Une médecin interrogée devant son hôpital est inquiète. « Pourrons-nous soigner tout le monde ? », nous lance-t-elle. « Il faudra faire des choix ! Oui des choix déchirants », dit-elle. Qui soigner ? Quels patients prioriser ? Un choix déjà fait puisque nous avons priorisé les soins aux patients atteints de la Covid-19 sur tant d’autres malades. Un choix forcé devant l’inconnu, mais aurait-il mieux valu prioriser les personnes malades plutôt qu’une maladie ? La réalité a été que les soins ont tous été affectés et avec un impact inconnu lui aussi.

« À partir du moment où on catégorise les vies humaines, on perd un peu de notre humanité », croit Jacques Gagnon, président d’Imagem, entreprise spécialisée dans le développement de technologies dédiées au domaine de la santé. « L’histoire nous l’a démontré à maintes reprises, nous avons souvent accordé une valeur plus ou moins grande à certains individus en se basant sur leur couleur, leur race, leur classe sociale. Sommes-nous si loin de cette réalité aujourd’hui? Quand on accepte de laisser nos aînés mourir dépouillés de toute dignité dans les CHSLD, quand on accepte de mettre la déficience mentale dans nos critères ce n’est pas pour la prioriser, on déshumanise. Connaît-on l’importance pour nous d’avoir ces démunis avec nous ? », questionne M. Gagnon.

En d’autres termes, que vaut une vie et comment justifier qu’on en priorise certaines au détriment d’autres? L’été dernier, le magazine l’Actualité s’est penché sur le sujet pour conclure qu’effectivement la vie a une valeur comptable. « [Lors des attentats du 11 septembre 2001] Les familles des victimes pauvres, célibataires ou âgées ont reçu proportionnellement moins d’argent que celles des victimes jeunes, riches et ayant de jeunes enfants », relatait le journaliste François Delorme dans la publication du 1er juin 2020.

Pendant la pandémie, cette même valeur comptable fut priorisée. On a fait le choix de soigner les cas de Covid pour vite relancer l’économie. La vie a pourtant une valeur autre que celle-ci.
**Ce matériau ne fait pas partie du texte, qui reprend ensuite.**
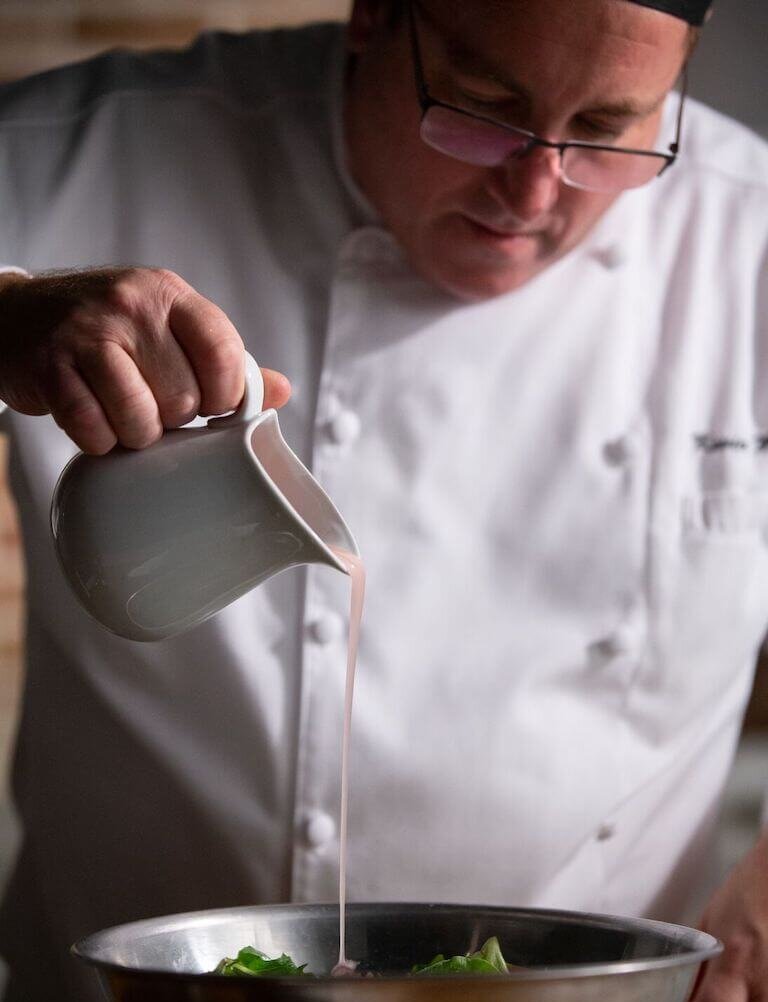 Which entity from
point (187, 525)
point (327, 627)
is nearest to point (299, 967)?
point (187, 525)

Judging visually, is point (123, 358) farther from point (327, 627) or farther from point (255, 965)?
point (327, 627)

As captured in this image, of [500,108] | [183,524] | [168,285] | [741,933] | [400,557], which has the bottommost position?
[741,933]

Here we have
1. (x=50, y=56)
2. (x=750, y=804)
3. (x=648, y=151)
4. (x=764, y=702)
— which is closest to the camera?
(x=648, y=151)

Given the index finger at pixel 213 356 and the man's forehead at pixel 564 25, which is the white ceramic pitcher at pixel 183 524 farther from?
the man's forehead at pixel 564 25

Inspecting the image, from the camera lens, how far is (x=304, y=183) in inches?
52.5

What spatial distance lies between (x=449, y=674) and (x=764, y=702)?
152cm

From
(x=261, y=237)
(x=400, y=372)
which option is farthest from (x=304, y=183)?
(x=400, y=372)

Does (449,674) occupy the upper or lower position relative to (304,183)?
lower

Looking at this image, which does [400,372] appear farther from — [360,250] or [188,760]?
[188,760]

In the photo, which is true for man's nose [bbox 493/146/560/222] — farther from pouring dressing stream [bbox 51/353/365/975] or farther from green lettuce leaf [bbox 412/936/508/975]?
green lettuce leaf [bbox 412/936/508/975]

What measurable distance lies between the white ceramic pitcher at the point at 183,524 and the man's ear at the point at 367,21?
588mm

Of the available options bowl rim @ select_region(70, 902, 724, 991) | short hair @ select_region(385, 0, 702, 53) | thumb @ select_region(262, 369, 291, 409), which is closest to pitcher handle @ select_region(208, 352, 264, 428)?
thumb @ select_region(262, 369, 291, 409)

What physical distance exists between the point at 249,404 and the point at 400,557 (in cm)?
52

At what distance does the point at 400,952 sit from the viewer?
765 millimetres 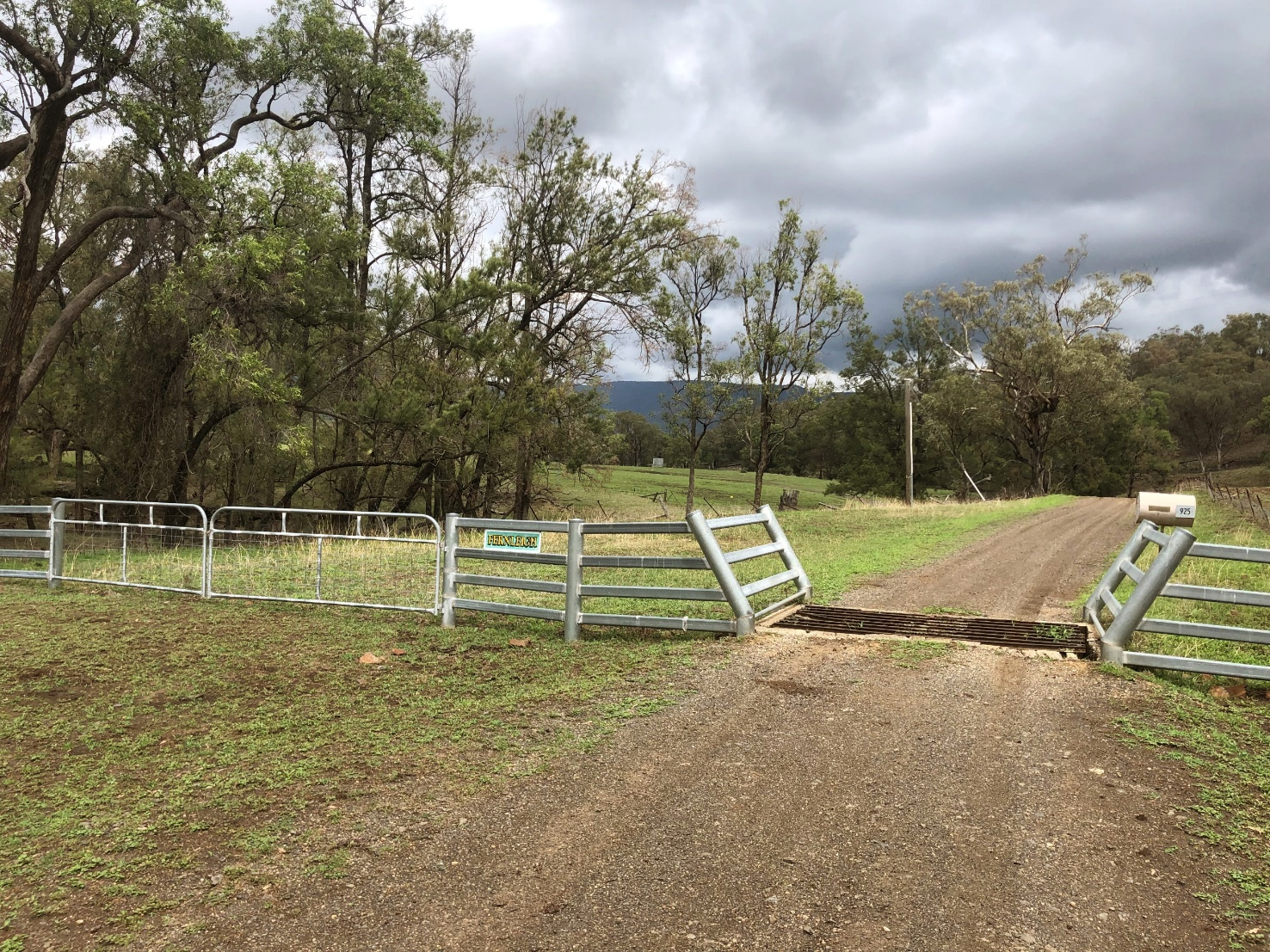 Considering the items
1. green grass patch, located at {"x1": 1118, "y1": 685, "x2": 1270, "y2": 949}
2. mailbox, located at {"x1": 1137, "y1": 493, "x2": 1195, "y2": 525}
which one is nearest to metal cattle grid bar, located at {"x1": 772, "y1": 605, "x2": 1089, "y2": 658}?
green grass patch, located at {"x1": 1118, "y1": 685, "x2": 1270, "y2": 949}

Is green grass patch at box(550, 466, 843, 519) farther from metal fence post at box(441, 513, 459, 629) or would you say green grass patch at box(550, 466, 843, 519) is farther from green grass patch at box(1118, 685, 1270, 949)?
green grass patch at box(1118, 685, 1270, 949)

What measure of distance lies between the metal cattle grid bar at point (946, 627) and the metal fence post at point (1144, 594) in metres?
0.34

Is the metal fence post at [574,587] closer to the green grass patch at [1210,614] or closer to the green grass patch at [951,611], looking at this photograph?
the green grass patch at [951,611]

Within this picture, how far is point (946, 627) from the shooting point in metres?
6.96

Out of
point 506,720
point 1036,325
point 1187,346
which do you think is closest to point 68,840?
point 506,720

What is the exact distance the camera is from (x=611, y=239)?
2519cm

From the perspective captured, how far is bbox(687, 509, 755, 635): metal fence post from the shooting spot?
6.43m

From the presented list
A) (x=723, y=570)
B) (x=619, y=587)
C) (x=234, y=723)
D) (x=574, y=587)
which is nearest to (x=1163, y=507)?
(x=723, y=570)

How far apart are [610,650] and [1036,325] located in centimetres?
4383

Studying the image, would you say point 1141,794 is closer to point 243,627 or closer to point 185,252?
point 243,627

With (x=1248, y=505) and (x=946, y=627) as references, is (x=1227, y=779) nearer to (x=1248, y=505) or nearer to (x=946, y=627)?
(x=946, y=627)

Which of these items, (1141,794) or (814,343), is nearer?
(1141,794)

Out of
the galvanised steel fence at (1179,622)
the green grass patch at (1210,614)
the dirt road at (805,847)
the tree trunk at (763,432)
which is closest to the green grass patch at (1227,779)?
the dirt road at (805,847)

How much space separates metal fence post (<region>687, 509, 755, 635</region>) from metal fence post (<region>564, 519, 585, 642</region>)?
1.05 meters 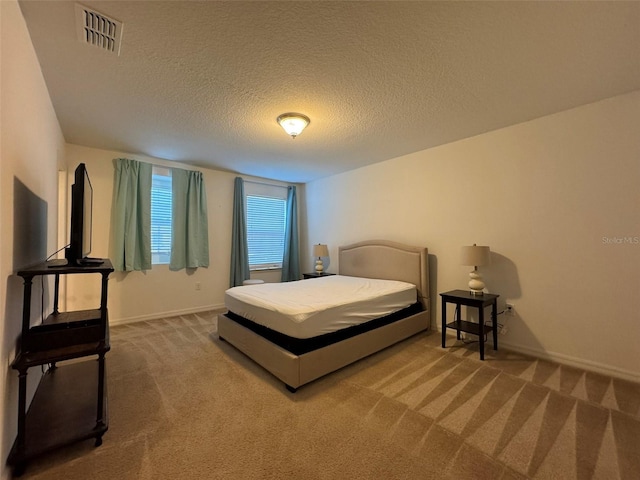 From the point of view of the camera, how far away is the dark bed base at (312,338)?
7.49 ft

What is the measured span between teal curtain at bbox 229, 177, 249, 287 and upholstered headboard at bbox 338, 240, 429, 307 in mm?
1814

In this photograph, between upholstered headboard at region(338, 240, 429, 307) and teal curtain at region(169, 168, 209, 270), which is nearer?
upholstered headboard at region(338, 240, 429, 307)

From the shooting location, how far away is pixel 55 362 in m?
1.60

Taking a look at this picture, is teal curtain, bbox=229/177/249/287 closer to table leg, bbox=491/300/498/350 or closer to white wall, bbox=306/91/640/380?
white wall, bbox=306/91/640/380

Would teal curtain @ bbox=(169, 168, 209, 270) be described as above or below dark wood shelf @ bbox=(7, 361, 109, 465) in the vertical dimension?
above

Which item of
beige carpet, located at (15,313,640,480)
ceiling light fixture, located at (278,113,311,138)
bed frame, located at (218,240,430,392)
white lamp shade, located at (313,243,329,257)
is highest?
ceiling light fixture, located at (278,113,311,138)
Ne dit-on pas que certaines œuvres humaines ont une valeur inestimable ? Quand vient le temps de soigner, de protéger, quels seraient les paramètres à évaluer pour conduire nos actions? La mode de l’intelligence artificielle nous dirait quel algorithme employer. Faut-il calculer l’âge, la richesse matérielle, l’état de santé, la profession? Mais on sait qu’un algorithme est une opinion dans une équation comme le dit la mathématicienne américaine Cathy O’Neil. En somme, nous ne pouvons pas nous cacher derrière une équation, il faut affronter la question.

« Il faut avant tout faire preuve d’empathie, suggère Jacques Gagnon. Nos valeurs morales, humaines, nous amènent à considérer toute vie nonobstant ce qu’elle peut bien rapporter. Toutes les vies se valent. La seule chose qui devrait importer est d’en sauver le plus possible, sans relâche », soutient ce dernier.

À titre de dirigeant d’entreprise, Jacques Gagnon fait le parallèle avec le monde des affaires. Au sein d’une organisation, la valeur d’un employé ne se mesure pas au seul critère de sa rentabilité. L’autonomie, le sens des responsabilités, la créativité, la capacité de travailler en équipe, la richesse du bagage personnel et professionnel sont autant d’éléments à prendre en compte.

Ainsi, la vérité se trouve peut-être dans une vie, une vie qui a un début et une fin, une vie que l’on ne peut estimer que dans sa totalité, dans sa nécessité, dans la grandeur de sa modestie. Qui sommes-nous pour choisir entre l’une ou l’autre ?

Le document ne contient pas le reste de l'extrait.